Anxious-ambivalent - this attachment style arises from inconsistent care-giving. Children with this attachment style often experience anxiety about the availability of their caregiver, leading to clinginess and dependency. These children may struggle with separation and exhibit intense distress when their caregiver leaves. In adulthood, this attachment style can manifest as a preoccupation with relationships and a constant need for reassurance.

Anxiously attached individuals may fear abandonment and often seek excessive closeness, sometimes overwhelming their partners.


Avoidant - this attachment style develops when care-givers are emotionally unavailable or unresponsive. These children learn to suppress their need for connection, becoming overly self-reliant. They may avoid seeking comfort from their care-giver and show little emotional response when separated or reunited. In adult relationships, avoidant attached individuals often value independence over closeness and may struggle with intimacy. They might keep partners at a distance and have difficulty expressing their emotions or relying on others.

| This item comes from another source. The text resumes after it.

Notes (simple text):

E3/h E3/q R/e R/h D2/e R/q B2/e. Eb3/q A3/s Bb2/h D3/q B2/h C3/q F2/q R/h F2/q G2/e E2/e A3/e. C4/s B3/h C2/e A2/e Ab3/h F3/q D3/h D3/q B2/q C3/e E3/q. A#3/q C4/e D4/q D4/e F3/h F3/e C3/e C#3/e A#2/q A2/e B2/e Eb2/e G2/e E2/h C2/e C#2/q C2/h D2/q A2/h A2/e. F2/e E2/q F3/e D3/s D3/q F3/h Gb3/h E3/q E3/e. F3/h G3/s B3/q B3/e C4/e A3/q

Disorganised - attachment style, the fourth style identified later, typically results from care-givers who are frightening or erratic. This style is marked by a lack of a coherent strategy for dealing with the stress of separation. Children with disorganised attachment may display a mix of avoidant and anxious behaviors and can seem confused or apprehensive. In adulthood, this attachment style can lead to chaotic and unpredictable relationships. Disorganised individuals often struggle with self-esteem and may experience a higher incidence of mental health issues.


Understanding your attachment style can be a crucial step towards personal growth and healthier relationships. It allows individuals to recognise patterns in their behavior and make conscious efforts to change maladaptive behaviours. For example, those with anxious attachment can work on building self-confidence and learning to self-soothe, reducing their reliance on external validation. Similarly, individuals with avoidant attachment can practice opening up emotionally and gradually increasing their comfort with intimacy.

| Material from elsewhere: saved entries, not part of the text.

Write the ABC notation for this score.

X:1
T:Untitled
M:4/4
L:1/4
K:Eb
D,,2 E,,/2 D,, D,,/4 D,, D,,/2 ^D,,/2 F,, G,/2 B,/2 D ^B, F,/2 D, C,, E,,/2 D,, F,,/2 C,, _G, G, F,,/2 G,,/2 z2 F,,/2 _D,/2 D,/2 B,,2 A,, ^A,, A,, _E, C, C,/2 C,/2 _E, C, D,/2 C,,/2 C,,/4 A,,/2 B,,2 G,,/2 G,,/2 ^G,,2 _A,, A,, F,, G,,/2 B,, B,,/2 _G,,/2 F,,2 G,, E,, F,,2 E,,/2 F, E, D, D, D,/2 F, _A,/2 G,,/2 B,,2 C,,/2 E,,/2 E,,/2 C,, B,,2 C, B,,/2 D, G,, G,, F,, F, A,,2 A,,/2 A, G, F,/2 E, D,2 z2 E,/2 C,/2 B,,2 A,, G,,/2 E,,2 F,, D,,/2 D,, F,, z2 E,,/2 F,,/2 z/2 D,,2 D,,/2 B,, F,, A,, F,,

Therapeutic interventions can be particularly effective in addressing attachment-related issues. Therapy can help individuals explore their past experiences, understand their attachment styles, and develop healthier ways of relating to others. Additionally, forming relationships with securely attached individuals can provide positive models for intimacy and trust.

By understanding and addressing our attachment styles, we can work towards more secure, fulfilling connections with others. Whether through self-reflection, therapy, or supportive relationships, it is possible to transform our attachment patterns and enhance our emotional well-being.